For supercurriculars, the main one would be reading. There are lots of reading lists and suggestions out there on the web, such as the ones linked in the post above me. I would recommend starting with some general introductory works on the subjects, as much as anything just to make sure that you know what philosophy, politics and economics are all about, and that you actually will enjoy studying them. Some books I personally found particularly enjoyable and useful were relevant titles in the Very Short Introductions series, The Accidental Theorist by Paul Krugman, Political Philosophy by Adam Swift, and What Does It All Mean? by Thomas Nagel. From there you could potentially move on to some books in more specific sub-fields that you have a particular interest in - in your personal statement, it’s a good idea to talk about some more detailed areas of interest, which will be more impressive to universities than just reciting the stock general reading list. Overall though, don’t feel like you need to read a ton; certainly at no point should you be reading so much that it’s distracting from your school work.

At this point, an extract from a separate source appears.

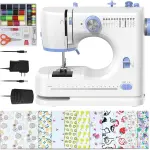 Sewing Machine for Beginners with Sewing Threads Kit(20Pcs Fabric & 32Pcs),Portable Sewing Machine with 12 Built-in Stitches & 2 Speed(High-Low Speeds) - Blue&White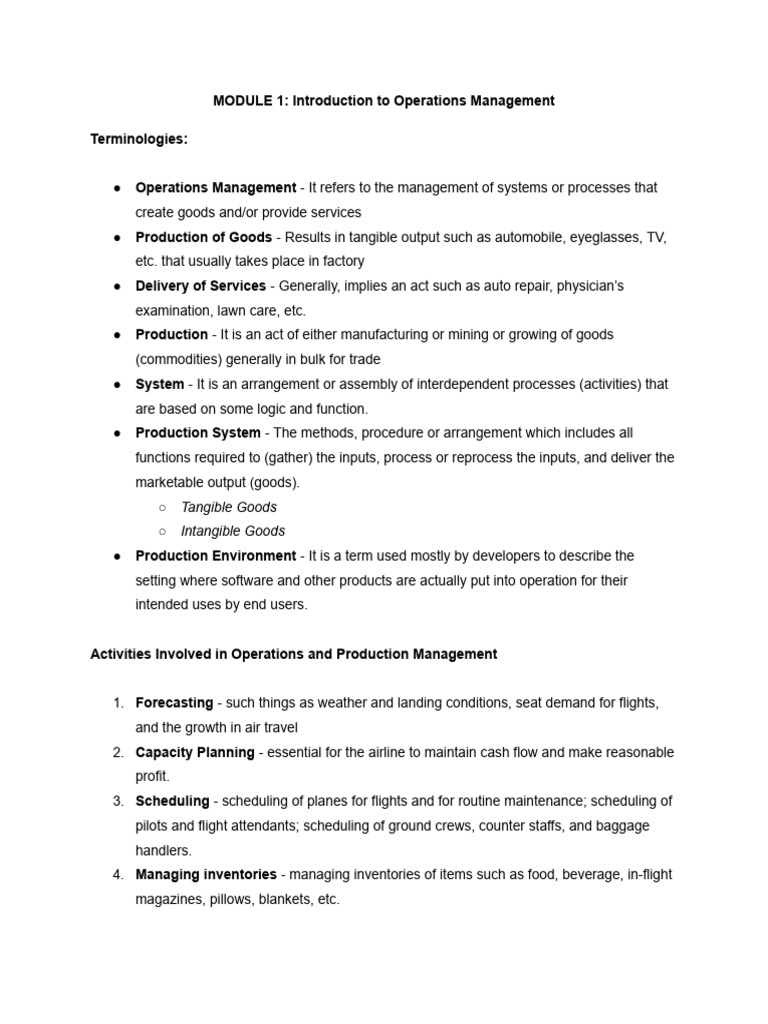 Operations Management Essentials Guide | PDF | Supply Chain ...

Other than reading, there’s not really any supercurriculars that are absolutely necessary. If your school or college runs any discussion clubs on politics, philosophy, and economics, it would probably be a good idea to join them, and equally a general debating society might be useful, particularly if you’re planning on applying to Oxford (not sure if you are), as it would help to hone the kind of skills needed for interview.
Overall, my advice would be to do what you enjoy, and explore your passion for PPE. There’s certainly no need to overwhelm yourself with supercurriculars at all. By far the most important thing for making a competitive application is to build and maintain a strong academic record, including good predicted grades.